LEYLA MARTINEZ ET AL VS 1865 97TH STREET LLC

Case Number: BC656673 Hearing Date: February 28, 2018 Dept: 46

Case Number: BC656673
LEYLA MARTINEZ ET AL VS 1865 97TH STREET LLC ET AL

Filing Date: 04/06/2017
Case Type: Other Real Property Rights Case

02/28/2018
Hearing on Demurrer
Motion to Strike

TENTATIVE RULING

Bank of New York Mellon fka Bank of New York as Trustee (CWALT 2007-24)’s (“BONY”) Demurrer to the First Amended Complaint is SUSTAINED WITHOUT LEAVE TO AMEND pursuant to CCP §430.10(e) and (f). BONY to lodge in Dept. 46 and serve a proposed order of dismissal within 10 days. See discussion.

DISCUSSION

BONY’s Request for Judicial Notice is GRANTED.

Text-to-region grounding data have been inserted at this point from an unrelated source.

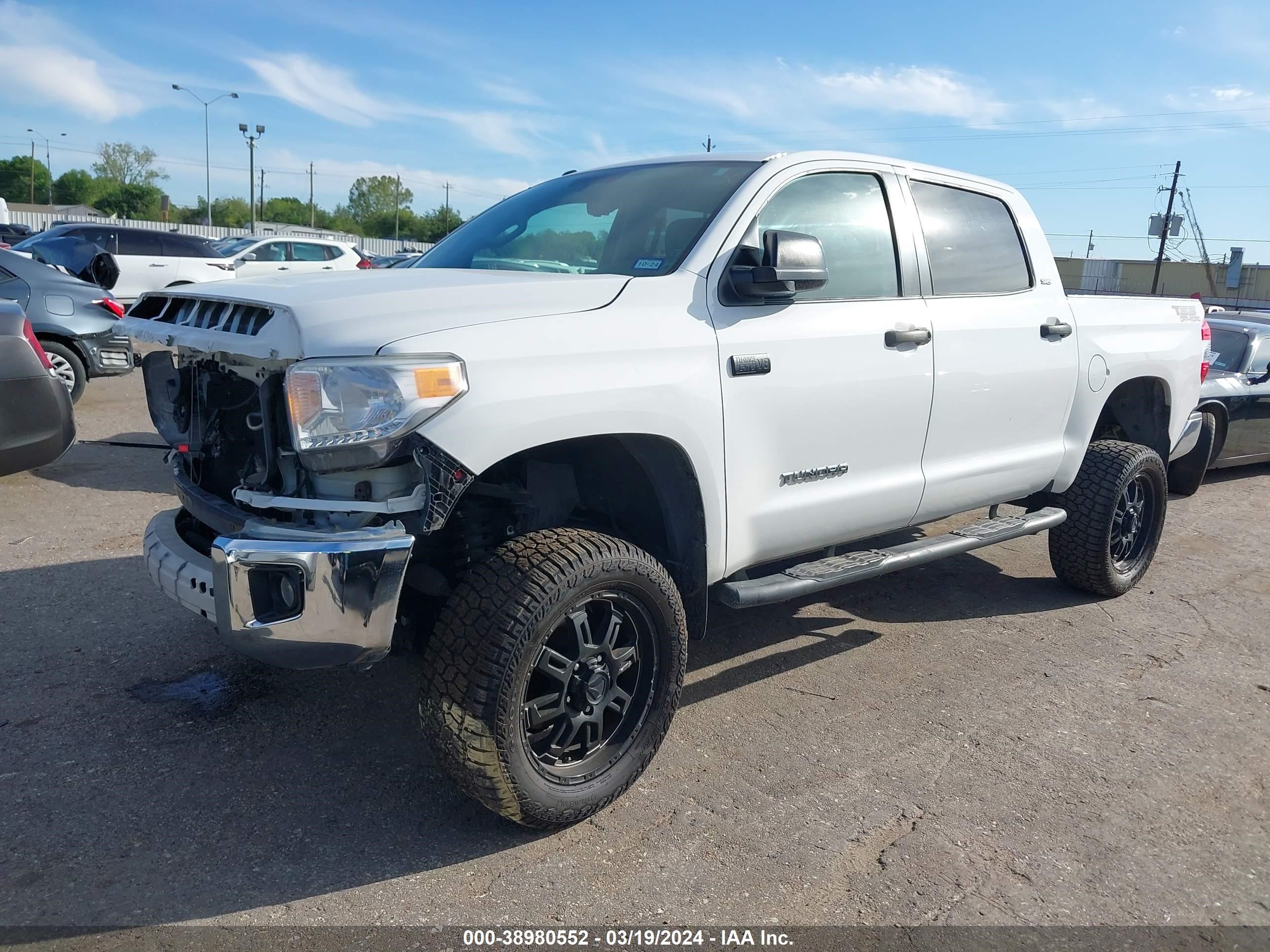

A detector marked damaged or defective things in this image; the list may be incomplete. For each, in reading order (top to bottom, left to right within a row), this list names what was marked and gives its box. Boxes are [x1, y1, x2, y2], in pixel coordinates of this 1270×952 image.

damaged front end [131, 294, 473, 674]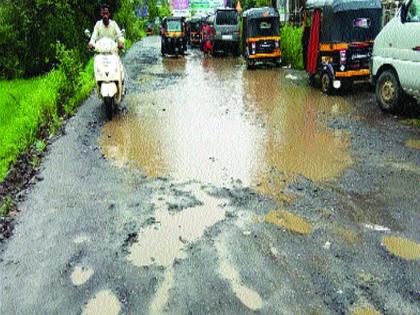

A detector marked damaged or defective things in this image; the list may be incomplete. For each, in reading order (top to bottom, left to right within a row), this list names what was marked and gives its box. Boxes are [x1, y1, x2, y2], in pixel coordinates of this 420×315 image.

waterlogged pothole [266, 210, 312, 235]
waterlogged pothole [382, 236, 420, 260]
waterlogged pothole [70, 266, 93, 286]
waterlogged pothole [217, 237, 262, 312]
waterlogged pothole [82, 290, 120, 315]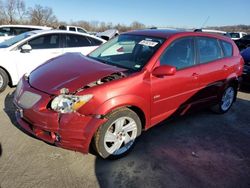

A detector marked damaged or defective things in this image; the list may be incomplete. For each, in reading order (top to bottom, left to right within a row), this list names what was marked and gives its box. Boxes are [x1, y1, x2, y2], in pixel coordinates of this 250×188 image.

broken headlight [50, 94, 93, 113]
cracked headlight lens [50, 94, 93, 113]
crumpled hood [29, 52, 126, 94]
red damaged car [13, 29, 242, 159]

The parties agree that none of Ps’ claims can be sustained if BONY is not Plaintiffs’ landlord. They further agree that Defendant BONY acquired the property pursuant to foreclosure proceedings and then resold it. Plaintiffs’ argue that this transfer rendered BONY their landlord for all purposes ‘by operation of law.’ BONY argues that it is in no way Plaintiffs’ landlord. Neither party is entirely correct.

1st COA: Untenantable Dwelling

Civ. Code § 1942.4 reads in relevant part:

“(a) A landlord of a dwelling may not demand rent, collect rent, issue a notice of a rent increase, or issue a three-day notice to pay rent or quit pursuant to subdivision (2) of Section 1161 of the Code of Civil Procedure, if all of the following conditions exist prior to the landlord’s demand or notice…

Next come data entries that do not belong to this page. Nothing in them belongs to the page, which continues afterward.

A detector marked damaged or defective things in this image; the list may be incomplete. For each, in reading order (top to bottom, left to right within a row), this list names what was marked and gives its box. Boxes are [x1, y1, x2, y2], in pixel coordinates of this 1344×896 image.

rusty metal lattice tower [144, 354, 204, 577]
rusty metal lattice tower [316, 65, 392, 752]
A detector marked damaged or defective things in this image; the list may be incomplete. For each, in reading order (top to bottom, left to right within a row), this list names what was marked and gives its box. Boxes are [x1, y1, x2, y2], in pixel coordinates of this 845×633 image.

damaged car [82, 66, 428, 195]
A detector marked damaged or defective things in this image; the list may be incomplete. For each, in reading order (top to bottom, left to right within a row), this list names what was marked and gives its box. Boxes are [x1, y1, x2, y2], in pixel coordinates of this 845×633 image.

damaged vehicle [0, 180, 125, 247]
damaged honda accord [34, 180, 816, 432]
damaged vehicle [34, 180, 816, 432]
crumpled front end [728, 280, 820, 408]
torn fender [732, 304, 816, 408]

(b)(1) A landlord who violates this section is liable to the tenant or lessee for the actual damages sustained by the tenant or lessee and special damages of not less than one hundred dollars ($100) and not more than five thousand dollars ($5,000)….

(c) Any court that awards damages under this section may also order the landlord to abate any nuisance at the rental dwelling and to repair any substandard conditions of the rental dwelling, as defined in Section 1941.1, which significantly or materially affect the health or safety of the occupants of the rental dwelling and are uncorrected. If the court orders repairs or corrections, or both, the court’s jurisdiction continues over the matter for the purpose of ensuring compliance.”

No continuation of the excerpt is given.